名古屋刑務所(愛知県みよし市)で複数の刑務官が受刑者に繰り返し暴行していた問題で、同刑務所が28日に特別公務員暴行陵虐などの容疑で、刑務官13人を名古屋地検に書類送検する方針を固めたことが27日、関係者への取材で分かった。
法務省は懲戒処分なども併せて行う方針で、処分を受けるのは暴行した刑務官本人と上司ら三十数人になるとみられる。28日に記者会見して公表する。

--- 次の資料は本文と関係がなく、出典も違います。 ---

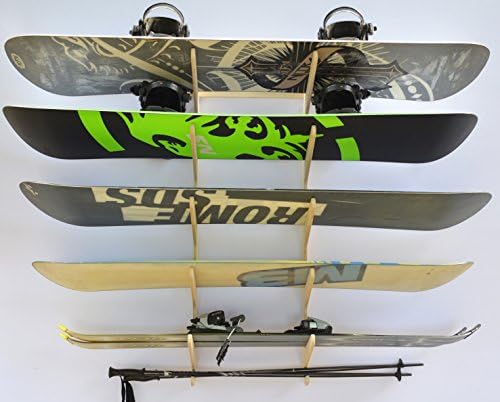 Pro Board Racks THE LIFTY Snowboard Wall Rack (Holds 5) - Image 2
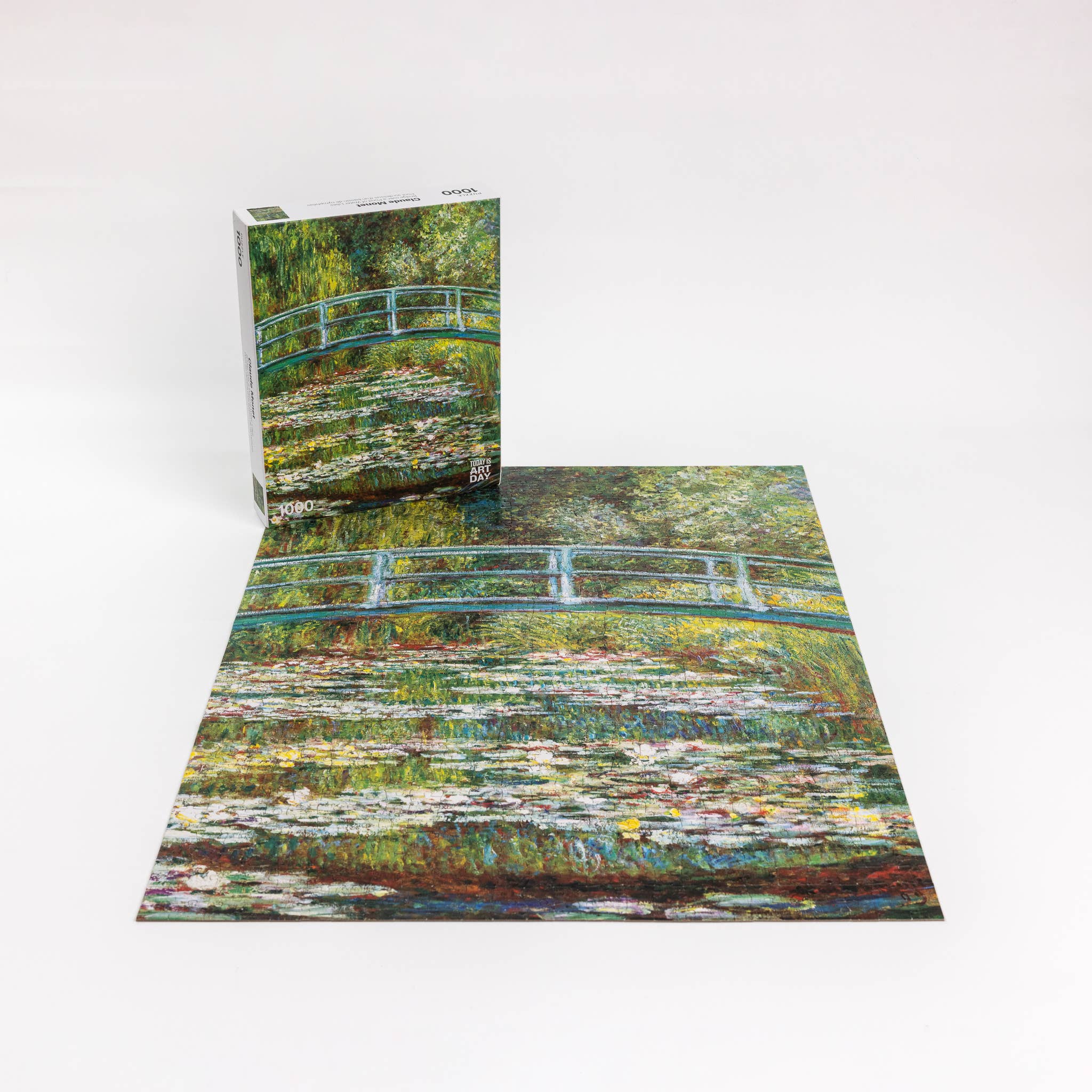 Monet Bridge over a Pond of Water Lilies Puzzle | 1,000 Pieces | 19.5" x 27.5"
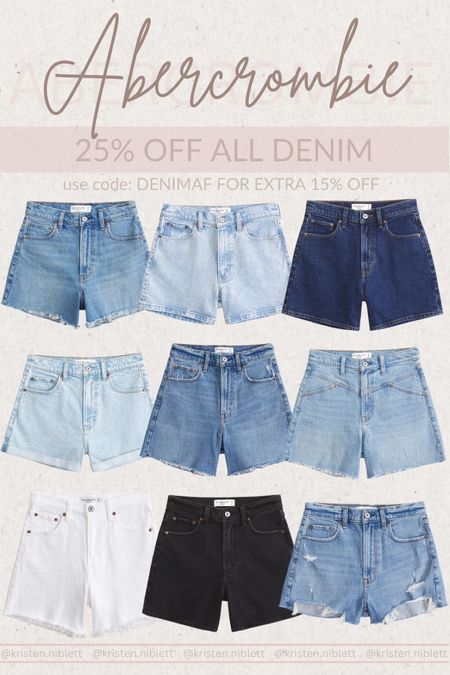 Abercrombie Semi-Annual Denim Sale is happening right now! // 25% off all denim. Use code DENIMAF for an EXTRA 15% off!

#LTKSpringSale #LTKstyletip #LTKMostLoved
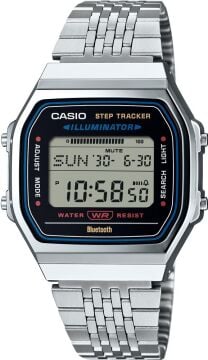 Casio ABL-100WE-1ADF Bluetooth ve Adımsayarlı Retro Çelik Kol Saati
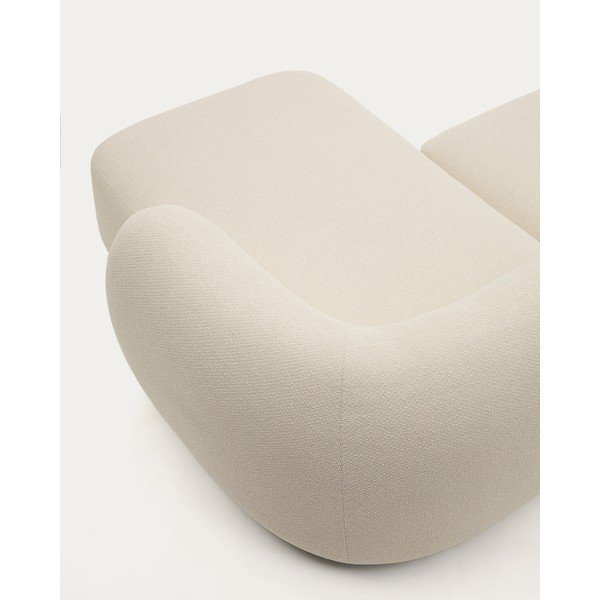 Krémová žinylková rohová pohovka (pravý roh/s lenoškou) Martina – Kave Home-image-1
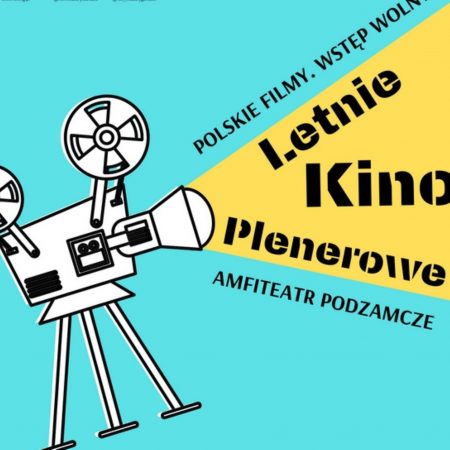 Plakat zapraszający do Olecka na Letnie Kino Plenerowe Olecko 2022.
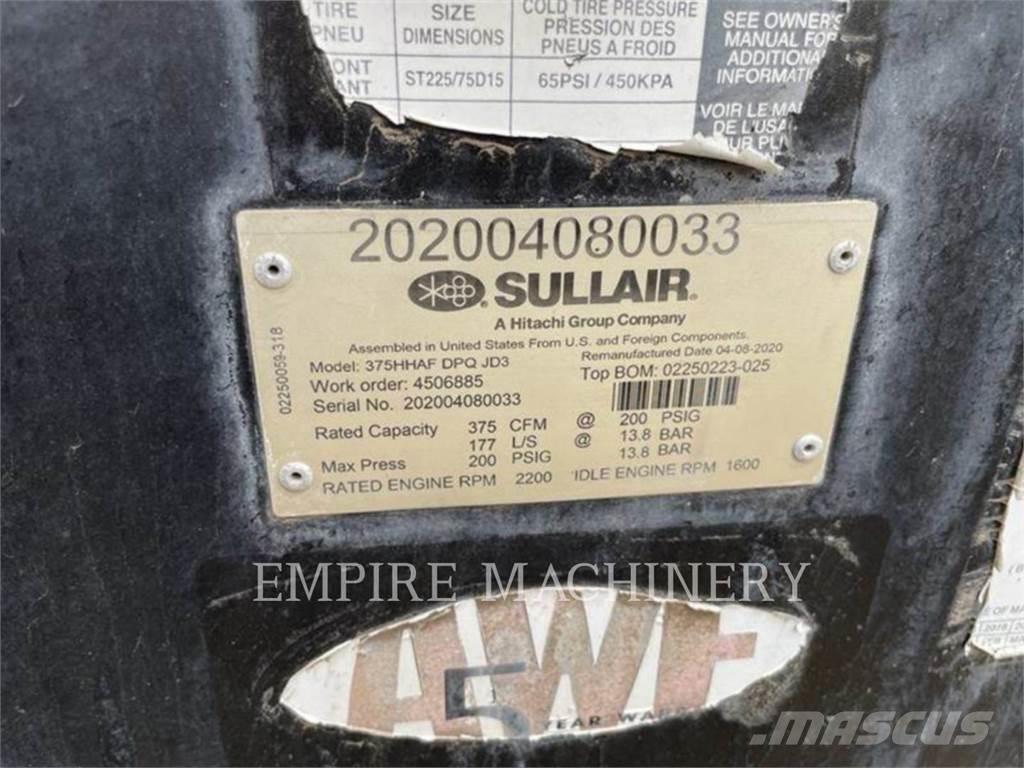 Sullair DPQ375HHAF مكابس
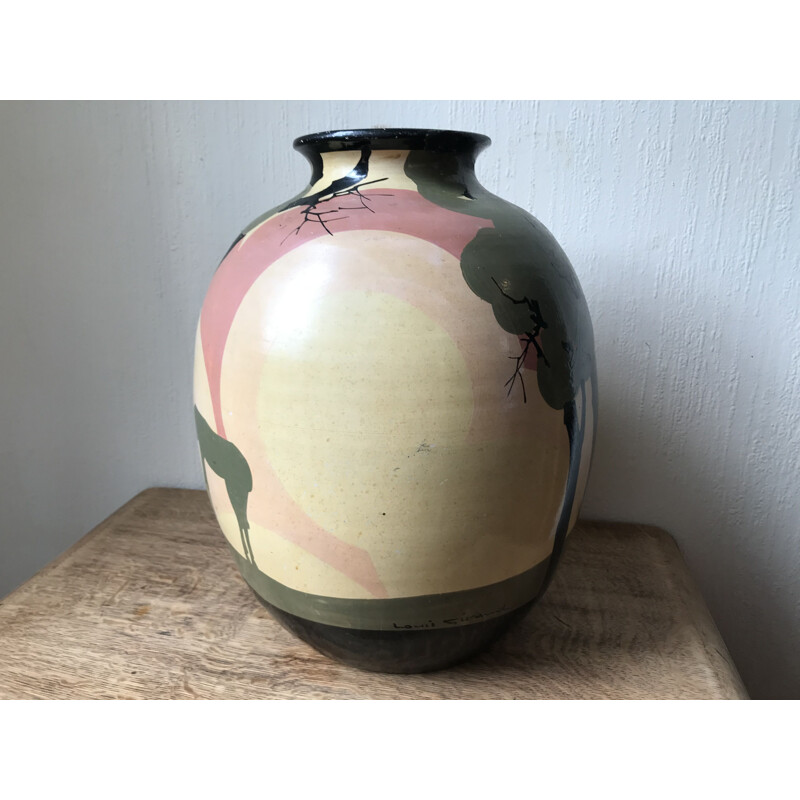 Vase vintage Art Déco par Louis Giraud Vallauris 1930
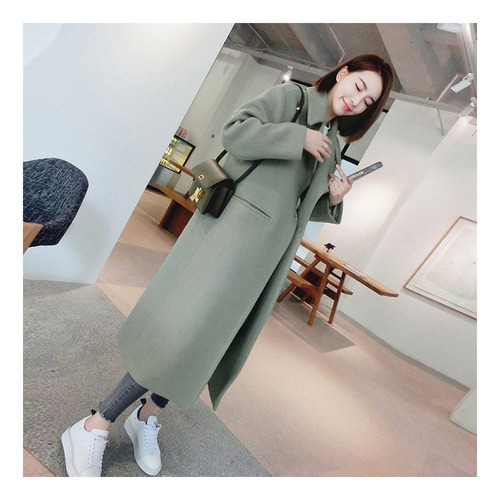 Gabardina Térmica De Invierno Para Mujer Abrigo Largo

名古屋刑務所では昨年夏までの約10カ月間、刑務官22人が40~60代の男性受刑者3人に対し、顔や手をたたいたり、アルコールスプレーを顔に噴射したりといった暴行を繰り返していた。法務省の調査で、けがをさせた1件を含め100件近くの暴行が確認され、不適正処遇の総数は計約420件に上った。
関係者によると、22人のうち13人については特に悪質性の高い暴行をしており、名古屋刑務所は刑事処分が相当と判断した。法務省は外部の有識者による第三者委員会を設置し、原因究明や再発防止策の検討を進めている。6月に防止策などを取りまとめる予定という。
名古屋刑務所では2001年と02年にも、刑務官が受刑者に消防用ホースで放水して死亡させたり、革手錠のベルトで腹を締め付けて死傷させたりする事件が起きている。